I added the bold type.
ref: Thoth Newsletter Vo3 No2

Re: Velikovsky's Question: Why Isn't Planetary Catastrophe Remembered?

by Brigit » Thu Oct 23, 2025 1:05 am

Bin-Ra says, "I sketch this to embrace and expand the thread of worthy commenting. All perspectives may serve an alignment of a greater conscious appreciation and participation where that is the underlying purpose. None of them can claim to be the truth."

It is very true that the study of what the ancient people have handed down in myths, legends and texts can be a task that requires the utmost care and humility.

I once had a conversation on an Indian reservation with a woman who had concluded that the petroglyphs in that state were images of "aliens" from "another planet". I knew that it was not my place to change her mind but to find out oldest traditions. Of course I did ask if she had heard of high energy plasma discharges created by concentrating electrical energy in a vacuum that recreate glowing instabilities that look exactly like the Squatterman Petroglyph. I asked if there was any lightning in the stories she had heard. These are just genuine questions and I know that lightning is everywhere present in the best-preserved memories.

But I do not believe we are here to tell other people what they believe.

Re: Velikovsky's Question: Why Isn't Planetary Catastrophe Remembered?

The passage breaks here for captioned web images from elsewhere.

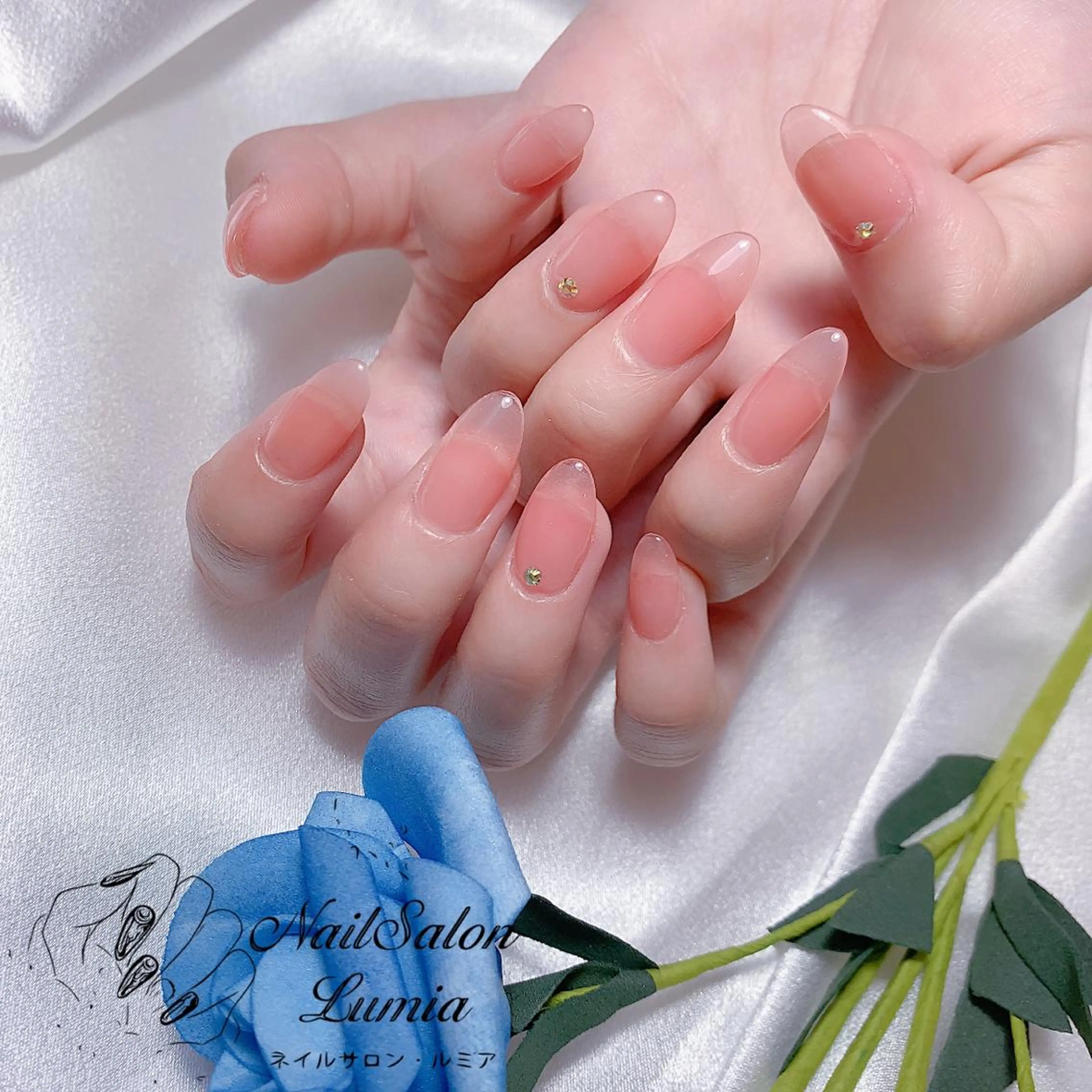 ネイル ハンドネイル ネイルサロン ルミア Lumia 店長のネイルデザイン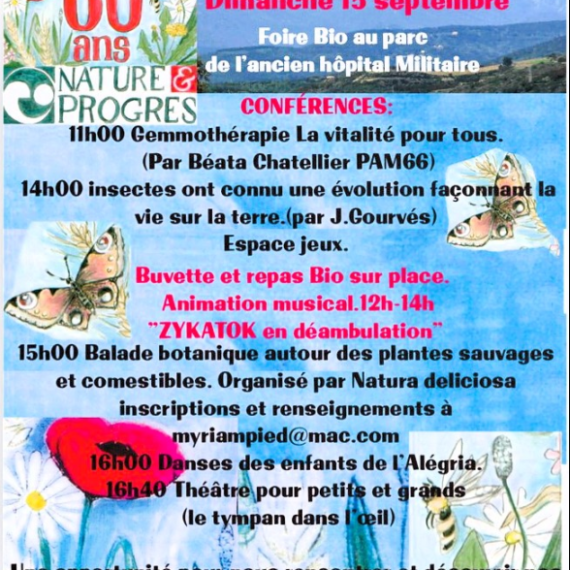 Participez à la Foire Bio du 15 septembre à Amélie les Bains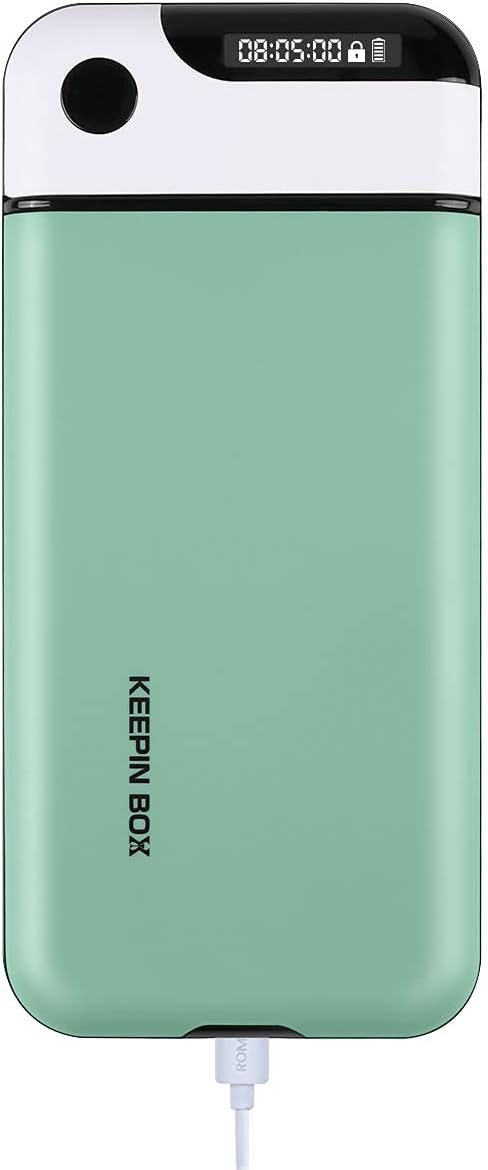 Phone Lock Box with Timer,Timed Lock Box,USB Charging Type,Time Can Phone Lock Box with Timer,Timed Lock Box,USB Charging Type,Time Can Be Freely Set,Easy to Carry,Excessive Games,Mobile Phone Addiction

by Bin-Ra » Mon Oct 20, 2025 4:36 pm

Having just read through pages 1-4,I feel to offer at least a sketch of something at a 'deeper level' for consideration.
Separation-Trauma is a term I sometimes use for the split mind.
Note that Mind as such cannot be separated or split but that a 'physicalised mind' is a result of the wish, fear or belief in 'Separation' that we normalise as a physically or structurally framed continuity of an 'object model'.
It must appear philosophical, presumptuous or imaginary to posit a 'Mind' of which and in which all that is, Is.
But consider the zero-point of which 'charged separations both divide and recombine as the fundamental to existence as a 'Communication' of the Whole in all its parts.
Is it not a unity point from which and to which all else rises and falls?
Fractality does not mean that your or my mind is the Mind of God, but the patterning of a consciousness as a focal experience holds a creative interplay of an inner relative to an outer, within a larger patterning of orders that cannot be mapped out but yet replicate as the signature characteristics of creative unfoldment or indeed projection.
There is no point in physical existence (to rearrange something I heard Wal Thornhill say). But that we give it - be that as a cause, a beginning, goal or outcome. Our (largely unconscious) predicates organise our perception of the 'reality' we thus resonate with as relevant to our unfolding existence or experience of being.

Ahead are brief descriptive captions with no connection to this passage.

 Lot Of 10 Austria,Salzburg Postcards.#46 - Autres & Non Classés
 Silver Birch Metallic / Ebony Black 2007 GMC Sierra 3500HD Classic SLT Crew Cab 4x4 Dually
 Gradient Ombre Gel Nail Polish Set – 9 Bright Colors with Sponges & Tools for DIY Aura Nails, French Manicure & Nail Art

Giving and receiving are poles of energetic exchange or 'transformation' for both the physical existence, living 'organisms' and psychic/psychological experience. The loss of equilibrium corresponds with polarised and polarising 'action-reaction' as distinct from giving and receiving as one - or synchronicity of being. This then 'splits' or projects a fragmented constellation of experience as a process of both going forth and reintegration.

The terror evoked by reopening a catastrophic loss is not really physically based but will probably be focused or reiterated there.
For "none walk the world in armature but have terror stalking at their heart".

The shock of terror and its reiteration in both reiteration and appeasement frame the physical identity in the 'human condition'.
Fear of pain of loss underlie 'consciousness' as a bounded and separate survival imperative, dictate or law.
Self-Existence conceived in terror is not unselfconscious Participance or Communioned being - so much as a split-mind locked into the use of the body as a mask and distance from Infinity - now framed as total sacrifice or loss of 'self' that must mask and limit to hold order against overwhelm.
Yet an unselfconscious nature abides beneath all development of 'getting' —or indeed forgetting mechanisms.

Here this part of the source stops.